Tokyo Olympics: Algerian judoka refuses to face a possible Israeli opponent
Fethi Nourine and his coach Amar Benikhlef withdrew from Tokyo Olympics after a possible match-up with Israel's Tohar Butbul
An Algerian judo athlete will be sent home from the Tokyo Olympics after he withdrew from the competition to avoid potentially facing an Israeli opponent.
Fethi Nourine and his coach, Amar Benikhlef, told Algerian media they were withdrawing to avoid a possible second-round matchup with Israel's Tohar Butbul in the men's 73 kg division on Monday. Nourine was to face Sudan's Mohamed Abdalrasool in the opening round, with the winner facing Butbul, the fifth seed.
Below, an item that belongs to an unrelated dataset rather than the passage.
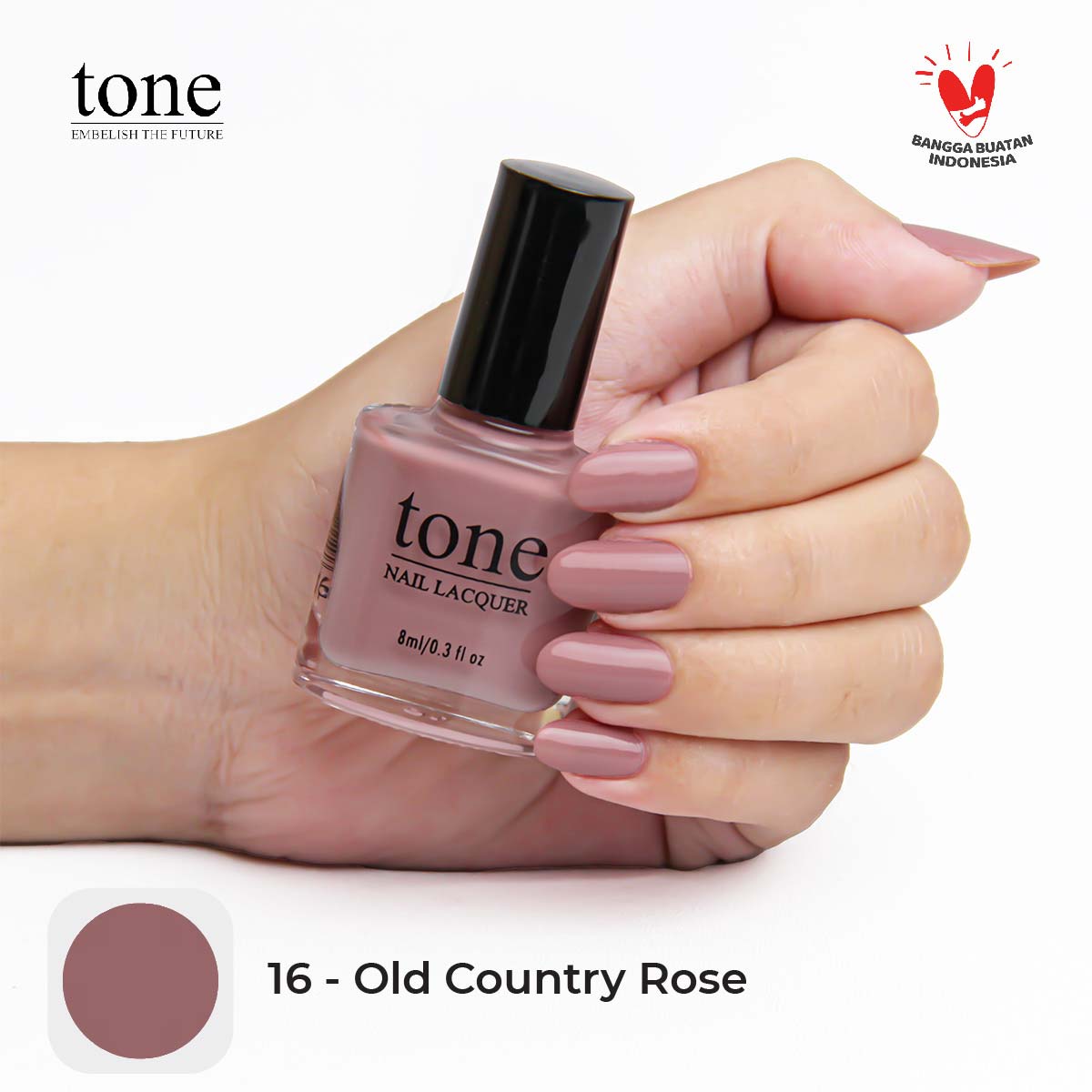 Tone Nail Polish Glossy Nude Series 16 | 8 ml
The International Judo Federation's executive committee has temporarily suspended Nourine and Benikhlef, who are likely to face sanctions beyond the Olympics, which began Saturday. The Algerian Olympic committee then withdrew both men's accreditation and made plans to send them home. The IJF said Nourine's position was "in total opposition to the philosophy of the International Judo Federation.
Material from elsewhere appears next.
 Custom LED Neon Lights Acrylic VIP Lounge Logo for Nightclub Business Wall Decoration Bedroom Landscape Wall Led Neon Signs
The IJF has a strict non-discrimination policy, promoting solidarity as a key principle, reinforced by the values of judo." Nourine and Benikhlef attribute their stance to their political support for Palestinians.
Meanwhile, two Georgian tennis players have been barred from the Olympics after officials in their home country told them they were entered for the Games but never actually sent the paperwork.
The Court of Arbitration for Sport ruled that it had to turn away doubles players Oksana Kalashnikova and Ekaterine Gorgodze because they were never formally entered for the games, even though Georgia's Olympic committee "informed the applicants that their application had been submitted."
Without a formal entry for the Olympics, the court ruled that the "consequence, however unfortunate for the two athletes, can only be the dismissal of their petition."